More than anything else, however, the response I got helped me appreciate the connection between music and place here in Houston — a city that’s somehow simultaneously a center of white blue-collar honky-tonk and earthy African-American blues.
Maybe the most wonderful response to my earlier essay came from my friend Richard Johnson, the sustainability director at Rice University (and a trained urban planner). In my previous essay, I said that on my first drive from Austin to Houston, I tried to get into the Texas spirit by playing Willie Nelson — but I couldn’t do it and I found that “Born To Run” was a better connection to Houston’s energy and blue-collar dynamism.
But Richard reminded me that, in spite of the fact that I couldn’t put Willie Nelson and Houston together, Willie had put the two together in the late ’50s, when he lived in Pasadena — then the epitome of a white working-class suburb — and played regularly at the Esquire Ballroom out on Hempstead Highway. During this time he wrote “Crazy,” “Night Life” and “Funny How Time Slips Away”.
According to Richard, the legend is that “Night Life” emerged from his nightly drives between Pasadena and the Esquire Ballroom — a distance of about 30 miles. “As a result,” he wrote to me, “I’ve always associated that song with being on the highways late at night in Houston.”
This all makes sense, and, indeed, the more I thought about it, the more it made sense. Think, for example, of the collision of musical styles that emerged in the archetypal Pasadena movie, “Urban Cowboy”: A kind of soft country rock from the ’70s — not unrelated to Laurel Canyon, in that it included folks like Linda Ronstadt and The Eagles — and country artists like Charlie Daniels and, inevitably, Mickey Gilley, who owned the club where the movie was set. (For the demographic record, white working-class Pasadena has faded from the scene since then and the city is now mostly a Hispanic working-class suburb.)
But Richard also, amazingly, made a connection between Willie and Pasadena over to Houston’s rich history of African-American blues. Referring to lyrics from “Night Life,” Richard said to me: “When he sings the lines ‘Listen to the blues they’re playing / Listen to what the blues are saying,’ I imagine that he is tuned in to a Houston blues station, hearing gems from Duke/Peacock Records in the 5th Ward, and the likes of Lightnin’ Hopkins in the 3rd Ward, and the driving piano-blues that was associated with the 4th Ward.” (There’s a historic marker in the Third Ward commemorating Lightin’s longtime residence on what is now Emancipation Boulevard, just a couple of blocks from Emancipation Park, home of Houston’s annual Juneteenth celebration, and the Eldorado Ballroom, where the Black stars played during the segregation era.)

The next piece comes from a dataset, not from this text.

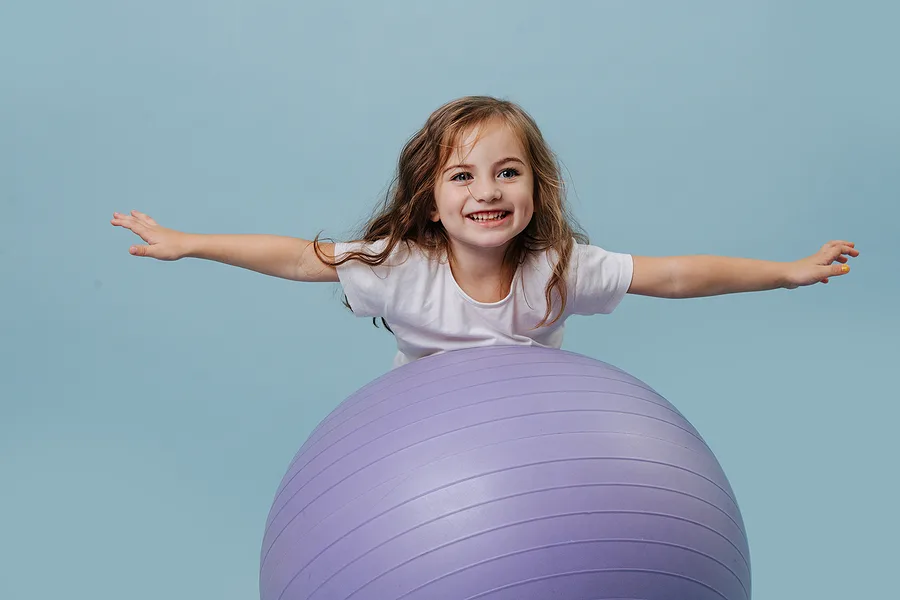 Kid balancing on an exercise ball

So, I guess I have a new pilgrimage to make here in Houston — traversing those 30 miles from Pasadena to what is now the Neon Boots Dancehall and Saloon. I’ll listen to “Night Life” along the way and maybe a little of Lightnin’ too. It won’t be the same as it was 60 years ago. I’ll probably get stuck in a traffic jam. But at least I will gain a more authentic connection to Houston’s great music history — and to the close connection between the city’s music and the places where that music took root.